Örneğin, Anadolu’da köydeki bir kadın mekân ve zaman anlayışında kendini,
bireyselliğini tarlada çalışırken, orada işi bittiğinde önceliğine göre ya
evdeki çocuğuna yönelerek onunla veya ahırdaki hayvanıyla ilgilenmesi gerektiğini
bir bütünlük anlayışı içinde yaşar. Bu bağlamda onun için kendisi, tarladaki
işi, çocuğu ya da hayvanı arasında herhangi bir ayrılık, hatta farklılık söz
konusu değildir. Diğer bir tabirle kendisi dâhil tüm öğeler belirli bir vasat
düzlemin ayrılmazlarıdır.
Bu makalede temanın tümselliğinin temelini
oluşturan çok katmanlı sistemlerin (ÇKS) ve ona bağlı olarak yönetişim
olgusunun üst şemsiyesi ve aynı zamanda –paradoksal görünse de-en önemli
altyapısal birimi olan sistem teorisinin ortaya koyduğu 3 ana yaklaşım
bulunmaktadır. Bunların arasında aşağıda ilk sırada belirttiğimiz “Parça-Bütün
Yaklaşımı” ÇKS’in de asli çıkış kaynağıdır;
·
Parça-Bütün Yaklaşımı: Bu yaklaşıma göre sistem, birbiriyle
etkileşim içinde olan parçaların oluşturduğu bir bütün olarak ele alınmaktadır.
·
Süreç Yaklaşımı: Bu yaklaşıma göre, sistem belirli bir
girdiyi işleyerek çıktıya dönüştüren bir süreç olarak ele alınmaktadır.
·
Diyalektik Yaklaşım: Bu yaklaşıma göre iç çelişkisi olan her şey
bir sistemdir: Diyalektik süreç; “Tez + Antitez = Sentez” bağıntısına göre
işler.
Diğer iki yaklaşım parça-bütün yaklaşımına
göre daha sınırlı ve kısıtlı alan bilgisi ve düşünce imkânı sunarlar. Bunlardan
bilhassa 3.sü Türkiye gibi ithal hâkim öğretilerin yaygın olduğu ülkelerde,
katı ideolojik yorumlamalar doğrultusunda sistem düşüncesini neredeyse mutlak
anlamda siyaset ekonomisi ve buna bağlı olarak dar anlamlı bir şekilde tevil
edilen diyalektik materyalist esinli alanlara sıkıştırmaktadırlar.
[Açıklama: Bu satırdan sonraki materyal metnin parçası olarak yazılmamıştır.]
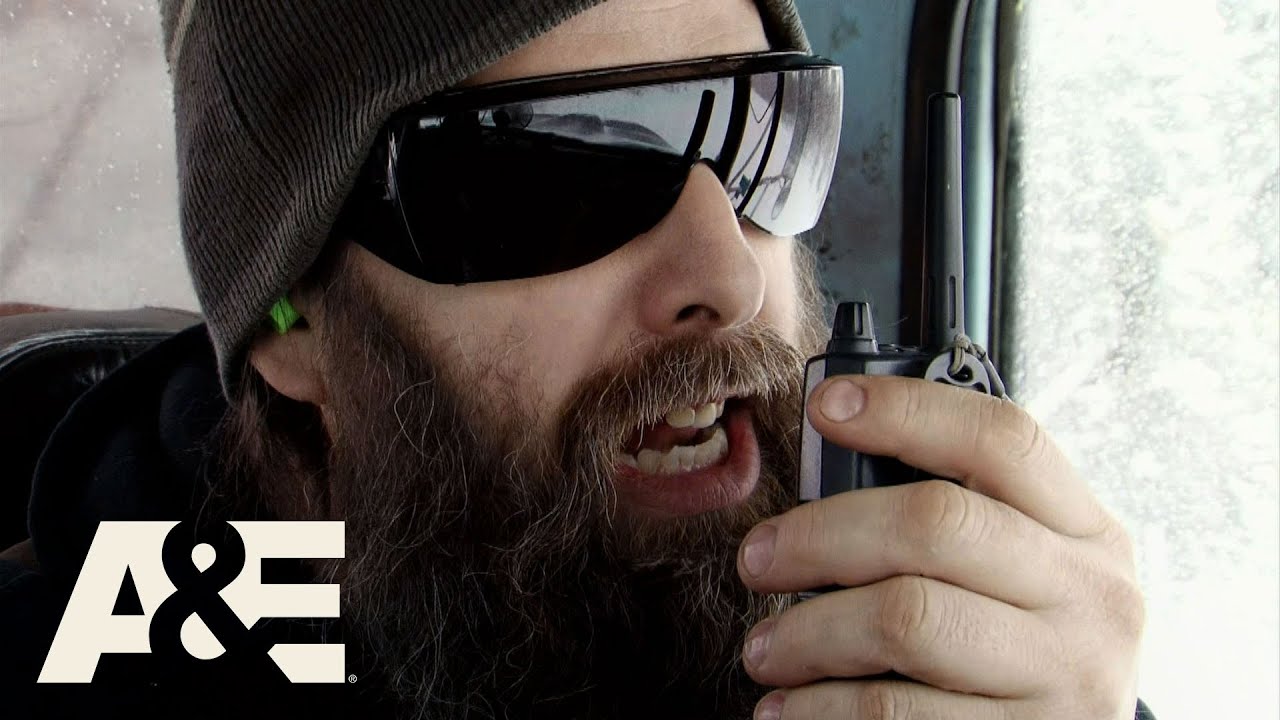 Ice Road Truckers: Art Lends Joey a Hand (S9, E8) | History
1 Söz konusu örnekleme adını, Tevrat’ta ismen anılan, Kur’an da ise ad
verilmeden ve daha kısa olarak zikredilen insanların aynı ortak lisanı
konuştukları devirde, çoğunun kibirlenerek “Tanrıya giden kapı” olarak Babil’de
inşa ettikleri kulenin yapımı sırasında aralarındaki anlaşmazlık nedeniyle ayrı
dilleri konuşmaya başlaması ve birbirlerini anlayamamaları kıssasından
hareketle esinlenerek verdim. 9. yy İslam tarihçilerinden el-Tabari'nin
“Peygamberler ve Krallar Tarihi” adlı eserinde öyküye ilişkin daha detaylı
bilgi verilir. Öyküye göre Nemrut Babil'de bir kule inşa ettirir. Allah bu
kuleyi yıkar ve o zamana kadar aynı dili konuşan insanların dilini 72'ye
ayırır. Aslında lisan açısından oluşan bu farklılık, Kur’an-ı Kerim’de 49:13’te
geçtiği üzere, “… Sizi milletler ve
kabileler haline koyduk ki birbirinizi kolayca tanıyasınız…” her türden
farklılık gösteren ve kopukluk gibi gözüken şeyler arasındaki ilintileri,
ilişkileri, illiyetleri, bağlantıları ve ‘hayranlık ve hayret verici’ ayrılık
ve parçalanma yansımalarının derinliğinde saklanan kombine birliğin derin
hakikatini ve bunun bizlere sunduğu çok yönlü zenginliği, çeşitliliği
keşfetmemiz ve faydalanmamız açısından insana bahşedilen lütuftur.